[[ Data in this exercise open ]]

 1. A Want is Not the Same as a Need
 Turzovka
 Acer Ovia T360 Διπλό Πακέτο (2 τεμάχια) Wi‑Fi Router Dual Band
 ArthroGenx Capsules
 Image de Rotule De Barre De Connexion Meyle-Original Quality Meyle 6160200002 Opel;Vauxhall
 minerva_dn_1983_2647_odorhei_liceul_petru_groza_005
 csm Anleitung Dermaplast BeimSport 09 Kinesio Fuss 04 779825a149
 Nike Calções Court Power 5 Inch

[[ Data in this exercise closed ]]
[[ Data in this exercise open ]]

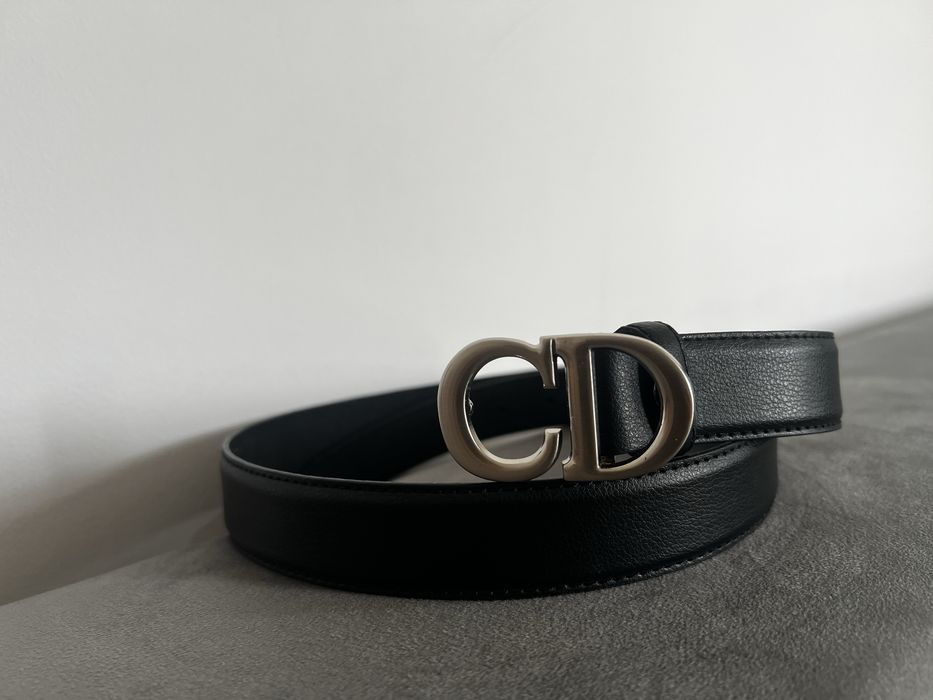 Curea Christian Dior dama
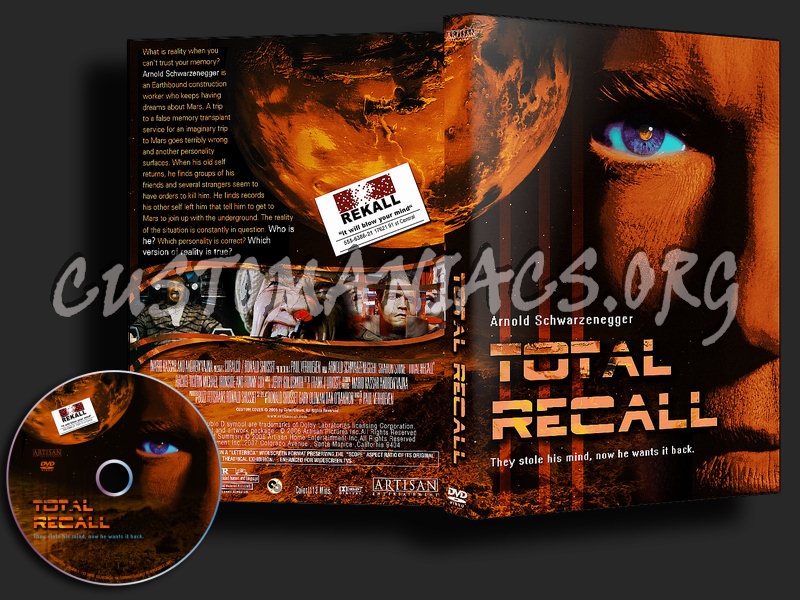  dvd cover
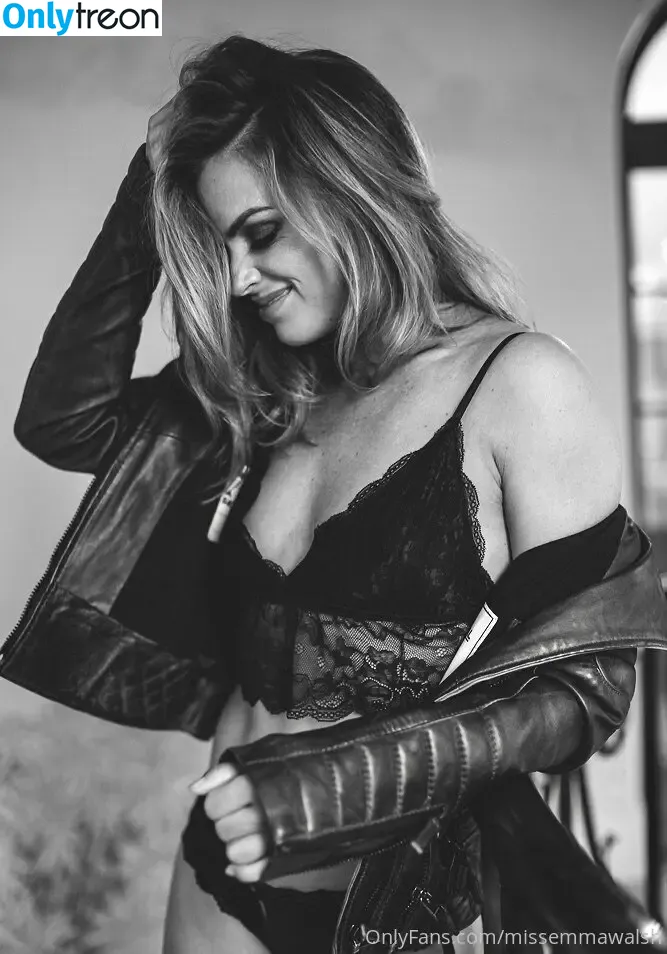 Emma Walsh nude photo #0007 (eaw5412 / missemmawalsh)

[[ Data in this exercise closed ]]

Please reproduce, exactly as they appear above, the lines from the line containing "1. A Want is Not the Same as a Need" up to and including the line containing "Nike Calções Court Power 5 Inch".

**Reply to the task:**
 1. A Want is Not the Same as a Need
 Turzovka
 Acer Ovia T360 Διπλό Πακέτο (2 τεμάχια) Wi‑Fi Router Dual Band
 ArthroGenx Capsules
 Image de Rotule De Barre De Connexion Meyle-Original Quality Meyle 6160200002 Opel;Vauxhall
 minerva_dn_1983_2647_odorhei_liceul_petru_groza_005
 csm Anleitung Dermaplast BeimSport 09 Kinesio Fuss 04 779825a149
 Nike Calções Court Power 5 Inch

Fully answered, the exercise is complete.